> **Saved data entries**
━━━━━━━━

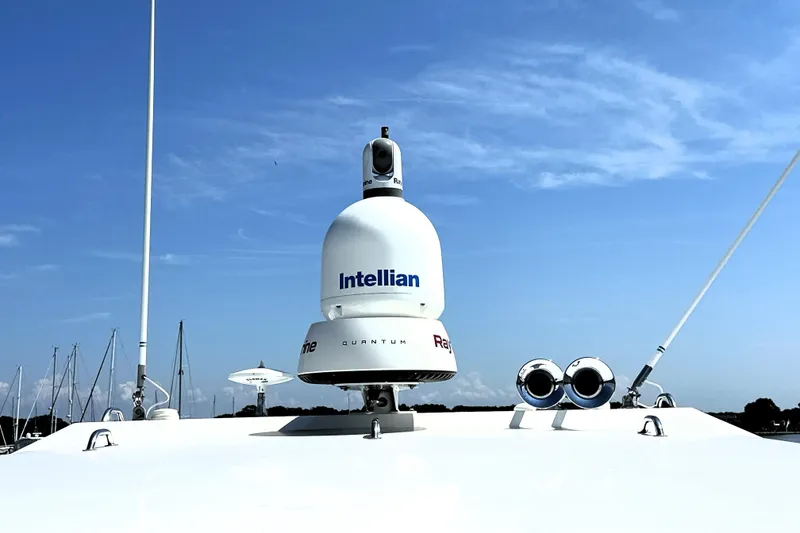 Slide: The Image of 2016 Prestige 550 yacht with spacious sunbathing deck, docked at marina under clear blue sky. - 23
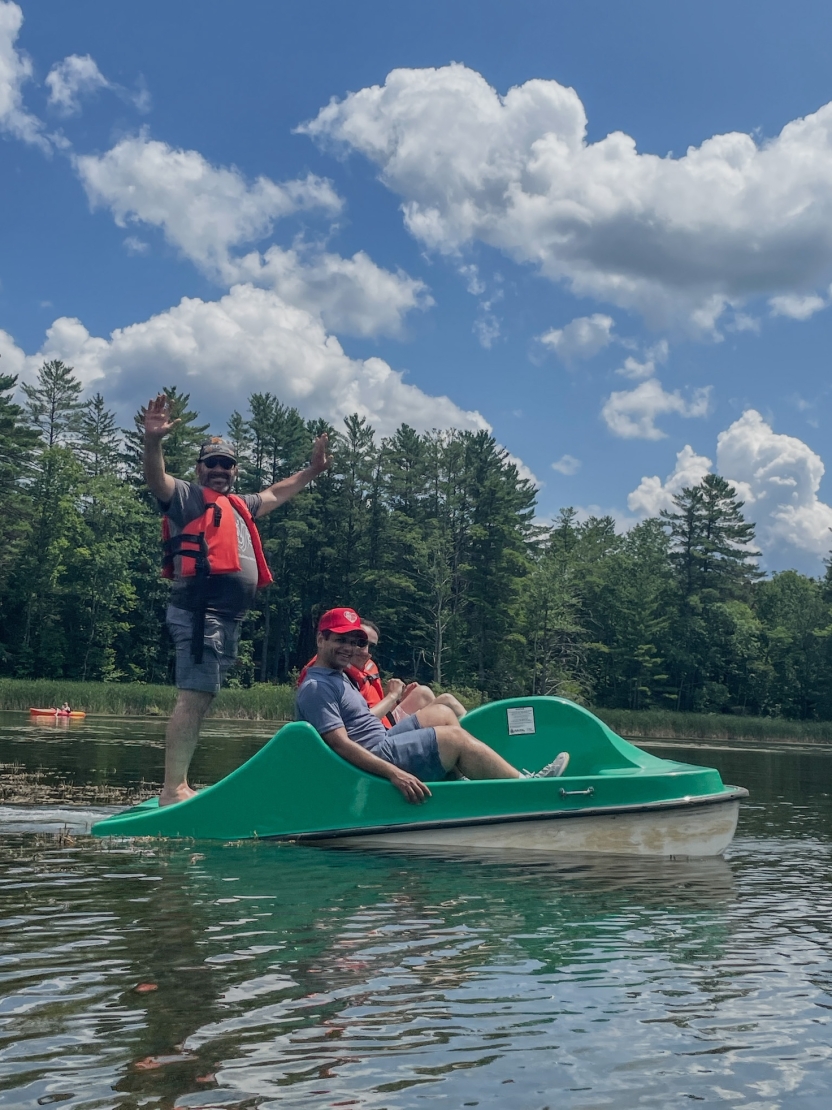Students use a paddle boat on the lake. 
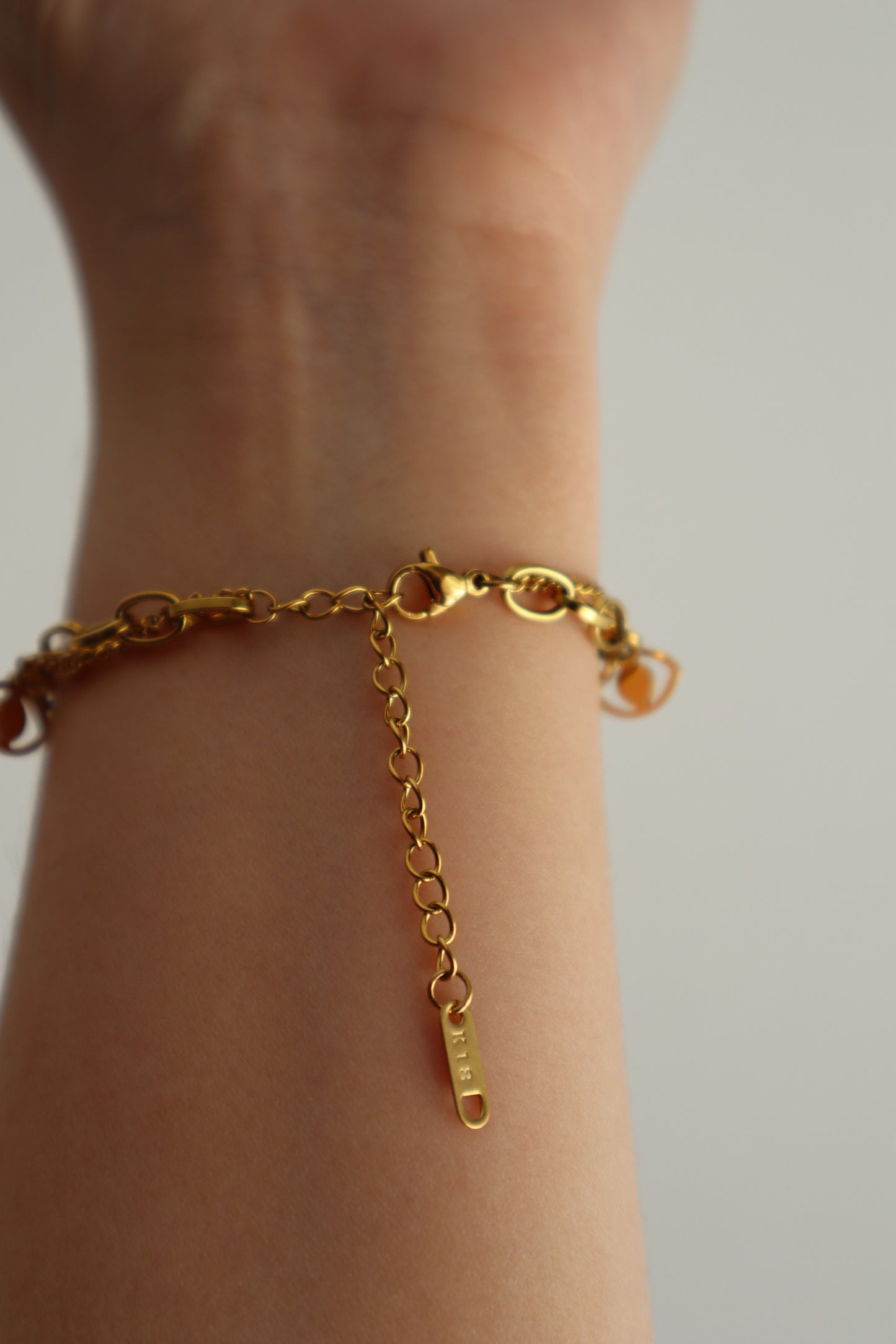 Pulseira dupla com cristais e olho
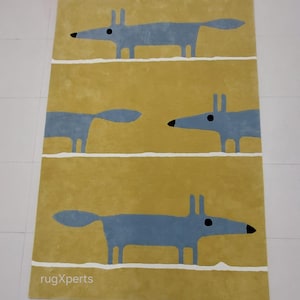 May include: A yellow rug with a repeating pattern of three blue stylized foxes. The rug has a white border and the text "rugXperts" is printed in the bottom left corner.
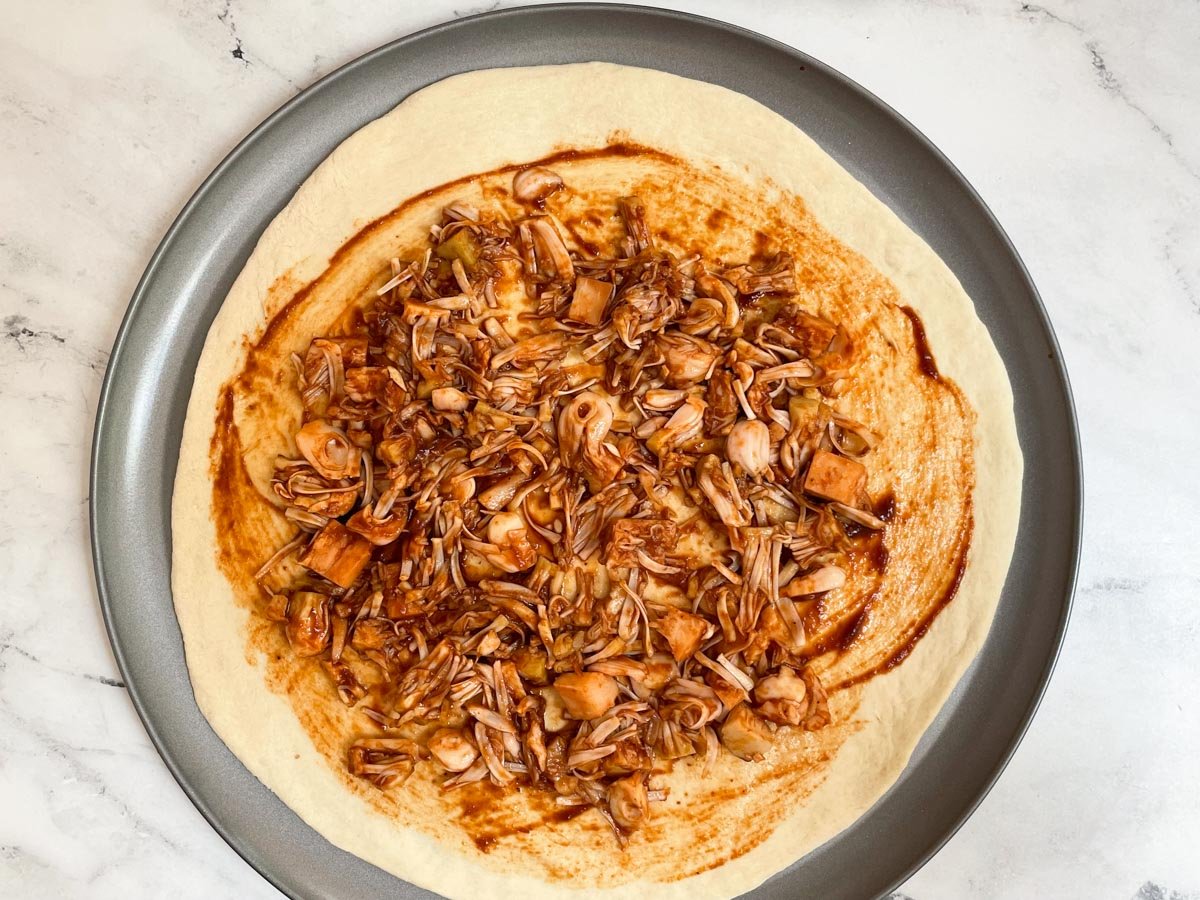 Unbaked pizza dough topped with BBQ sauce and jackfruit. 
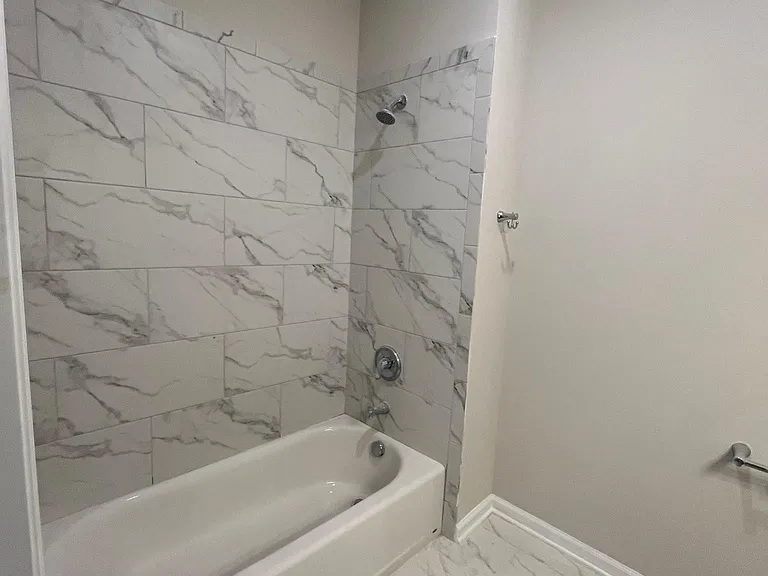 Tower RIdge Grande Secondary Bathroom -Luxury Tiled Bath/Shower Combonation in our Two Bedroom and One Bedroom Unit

━━━━━━━━

Copy out exactly the lines that begin at the line with "Unbaked pizza dough" and end at the final line of the entries above. Leave out the pictures.

> **RESULT OF THE TASK**
 Unbaked pizza dough topped with BBQ sauce and jackfruit. 
 Tower RIdge Grande Secondary Bathroom -Luxury Tiled Bath/Shower Combonation in our Two Bedroom and One Bedroom Unit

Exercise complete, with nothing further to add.